29. The second piece appears on the verso is the hymn Urbs Ierusalem beata for the Dedication of a Church (Figure 6.) It is preceded by a rubric written in red ink that designates the liturgical occasion: “Comune dedicationis Ecclesie ad vesp. et matutin. Hymnus” (Hymn for the Common of the Dedication of a Church at Vespers and Matins.) The hymn Urbs Ierusalem beata was an ancient text, dating to the eighth century (See Appendix 2 for text.) This hymn was replaced in the Roman use with the revised text Caelestis urbs Jerusalem in the reformed breviary of Pope Urban VIII (r.1623-44), published in 1634.[30]

30. The presence of these two hymns, then, suggests that the leaf originates in a manuscript hymnal copied between the years of 1602 and 1634. And yet this dating is inconsistent with the style of the book that, as explained above, closely resembles to the manuscript Salamanca, Archivo de la Catedral, Ms. 37, copied in 1714. One possible explanation is that the book was written for a monastic use and not for a congregation that adhered to the use of Rome. Indeed, the Benedictine breviaries of 1614, 1654, and 1711 all adopt the hymn Fortem virile pectore for the Common of Holy Women while preserving the older hymn Urbs Ierusalem beata for the Common of the Dedication of a Church. Thus it seems most likely that the leaf 2003.29 originated in a monastic manuscript hymnal of the early eighteenth century.

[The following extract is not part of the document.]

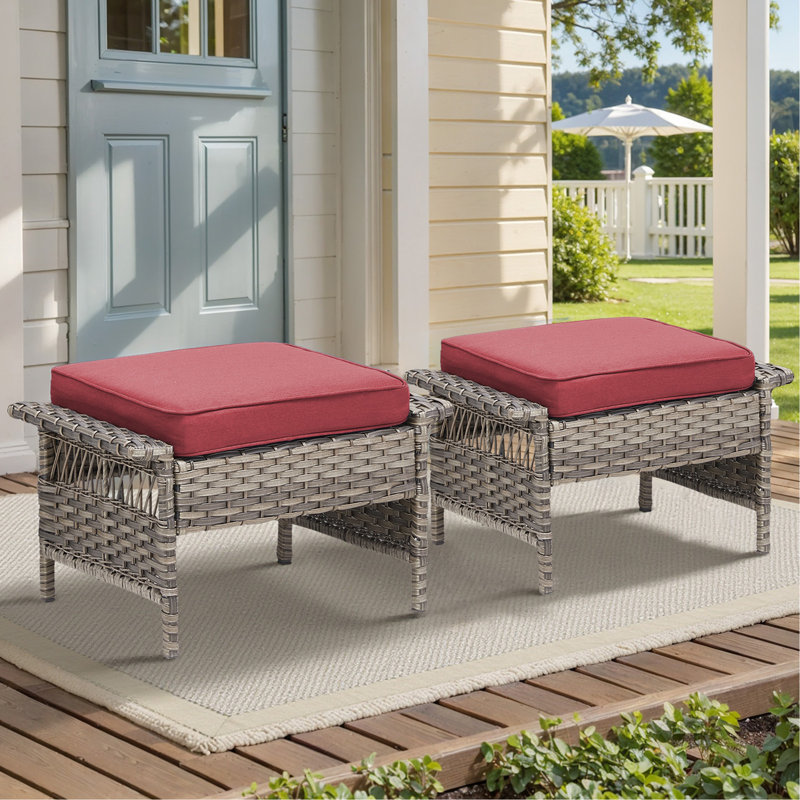 Ensemble de 2 repose-pieds d'extérieur en rotin gris avec coussins rouges pour cour ou terrasse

31. The melody of Urbs beata Jerusalem transmitted in 2003:29 offers further clues as to the manuscript’s origin. This melody has an unmistakably similar contour to the most common melody of the hymn Pange Lingua, whose text at least was written by Thomas Aquinas for the Feast of Corpus Christi. But while the Pange lingua melody is in the third mode (or E-Phrygian), the melody of Urbs beata Jerusalem found in 2003:29 is modally transposed a step lower to Mode 1 (D-Dorian), though it cannot be determined which melody has historical priority. Musical Example 1 compares the melodies in of a., the more common E-Phrygian Pange lingua melody as transmitted in a hymnal printed in Augsburg in 1580 [31] and b., the D-Dorian melody of Urbs Ierusalem beata transmitted in the manuscript leaf 2003:29.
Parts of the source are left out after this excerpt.